Phase-space analysis of a two-section InP laser as an all-optical spiking neuron: dependency on control and design parameters

TL;DR

This paper models a two-section InP laser as an all-optical neuron, analyzing how control parameters influence its excitable operation mode using phase-space analysis.

Contribution

It introduces a rate-equation based model for an integrated InP laser neuron, demonstrating multiple operation modes and the effects of design parameters on excitable behavior.

Findings

Lowering cavity mirror reflectivity expands excitable operation parameter space.

The model demonstrates four operation modes including excitable mode.

Adjusting control parameters enables relaxed operation and lower power consumption.

Abstract

Using a rate-equation model we numerically evaluate the carrier concentration and photon number in an integrated two-section semiconductor laser, and analyse its dynamics in three-dimensional phase space.

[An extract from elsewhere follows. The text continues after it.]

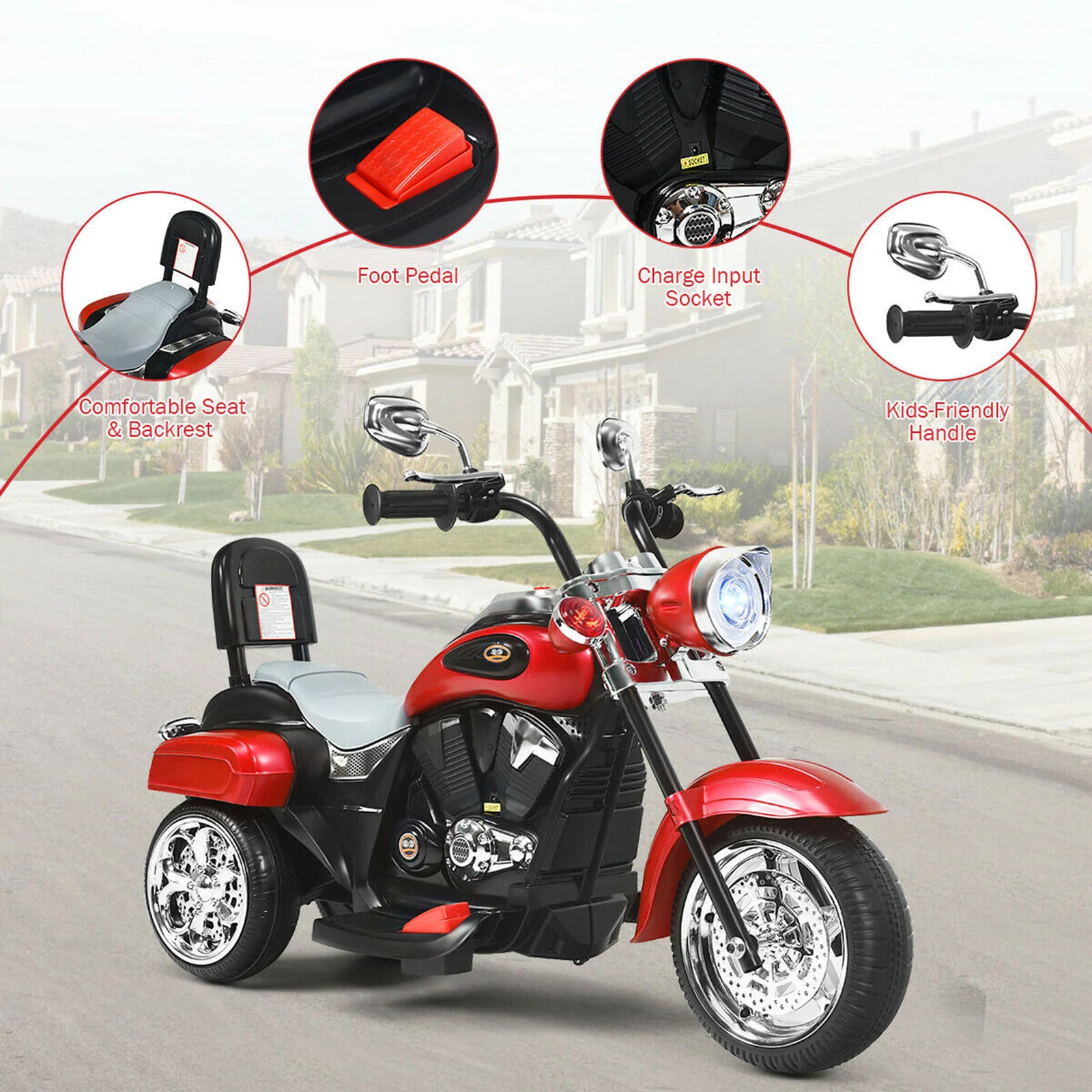 Rev Up the Fun with Our 6V Kids Chopper Motorcycle Trike in Red! - Image 10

The simulation comprises compact model descriptions extracted from a commercially-available generic InP technology platform, allowing us to model an applied reverse-bias voltage to the saturable absorber. We use the model to study the influence of the injected gain current, reverse-bias voltage, and cavity mirror reflectivity on the excitable operation state, which is the operation mode desired for the laser to act as an all-optical integrated neuron. We show in phase-space that our model is capable of demonstrating four different operation modes, i.e. cw, self-pulsating and an on-set and excitable mode under optical pulse injection. In addition, we show that lowering the reflectivity of one of the cavity mirrors greatly enhances the control parameter space for excitable operation, enabling more relaxed operation parameter control and lower power consumption of an integrated two-section laser neuron.